• **Activity**:
The listing is to be transcribed in full, with its images left out.

• **Data provided**:
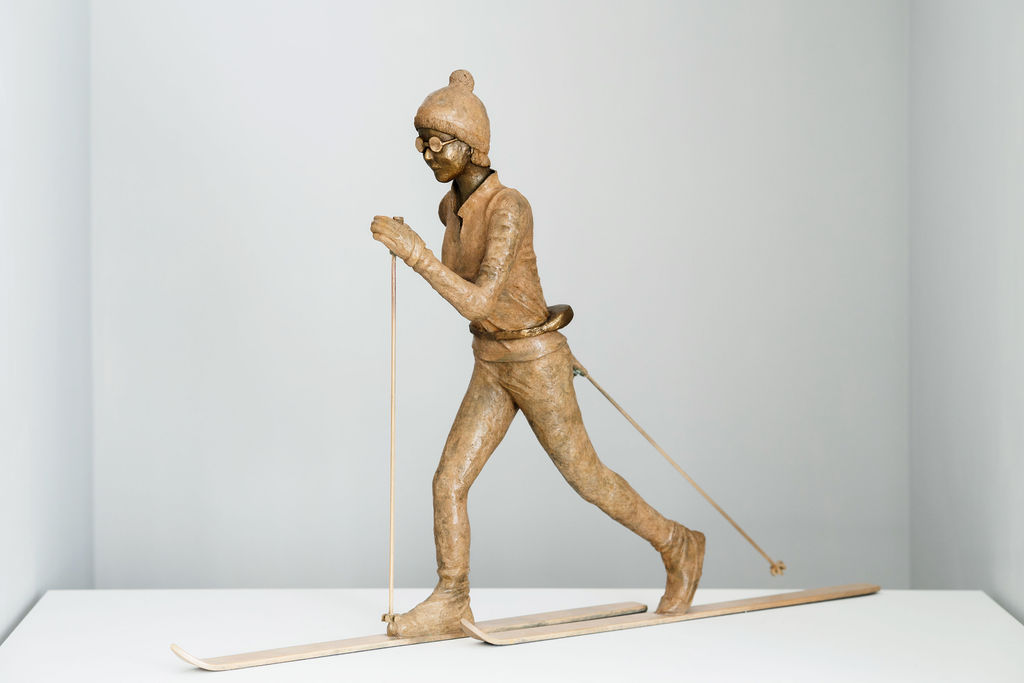 la skieuse nordique sculpture bronze profil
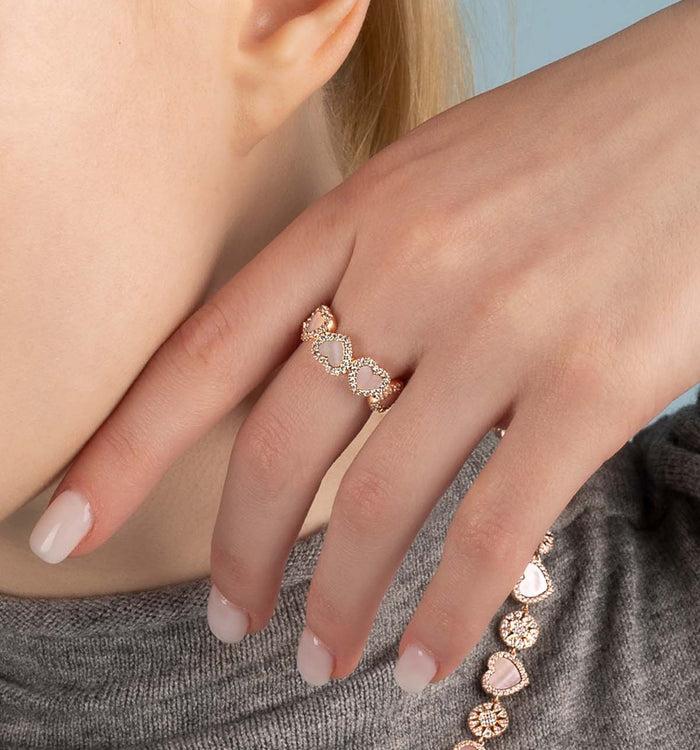 Apm Monaco Bague Cœurs En Nacre Rose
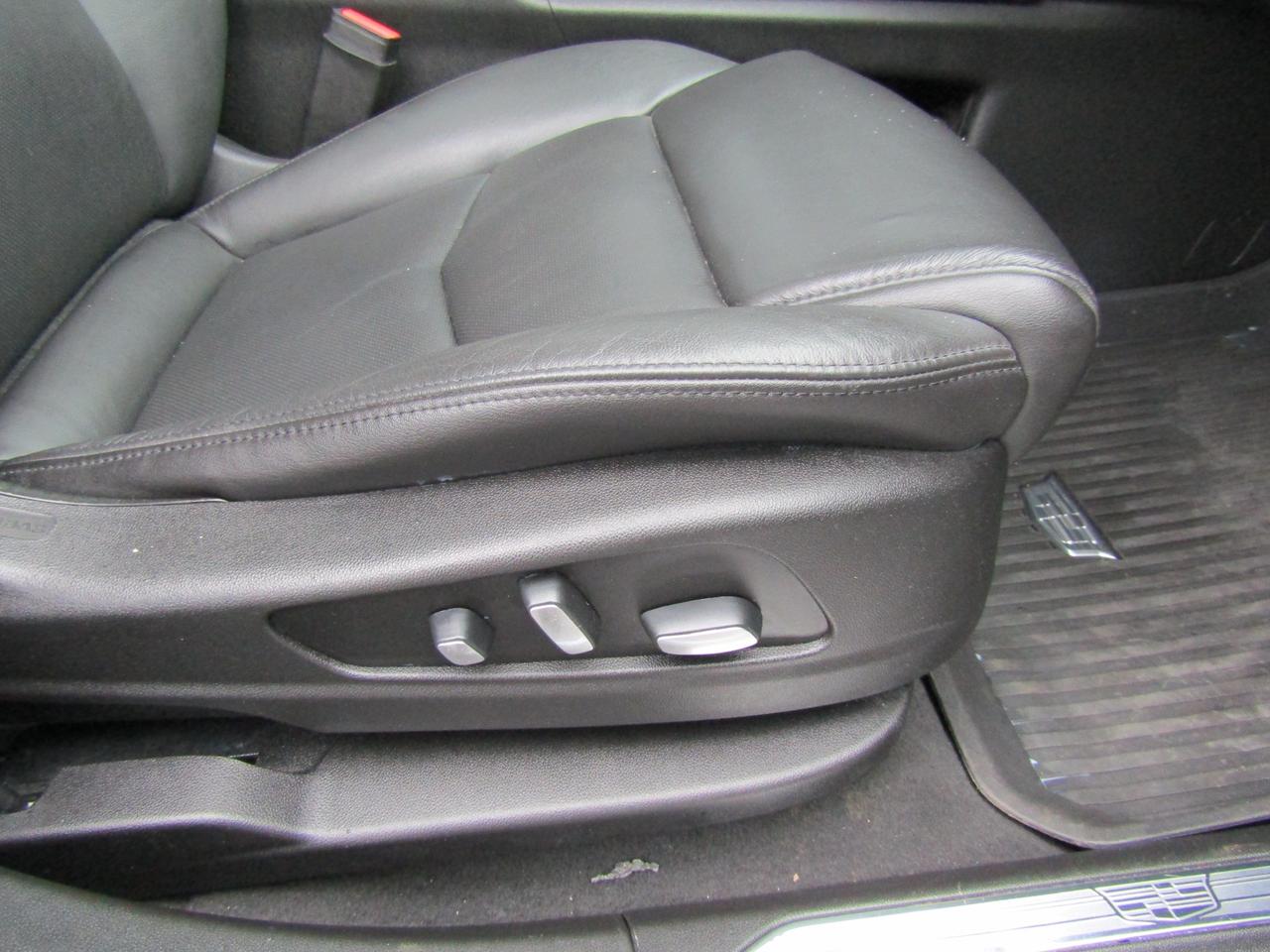 2019 Cadillac XT5 Premium Luxury, AWD, Navi, Pano, Leather, Camera, *Certified* Photo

• **The completed task**:
 la skieuse nordique sculpture bronze profil
 Apm Monaco Bague Cœurs En Nacre Rose
 2019 Cadillac XT5 Premium Luxury, AWD, Navi, Pano, Leather, Camera, *Certified* Photo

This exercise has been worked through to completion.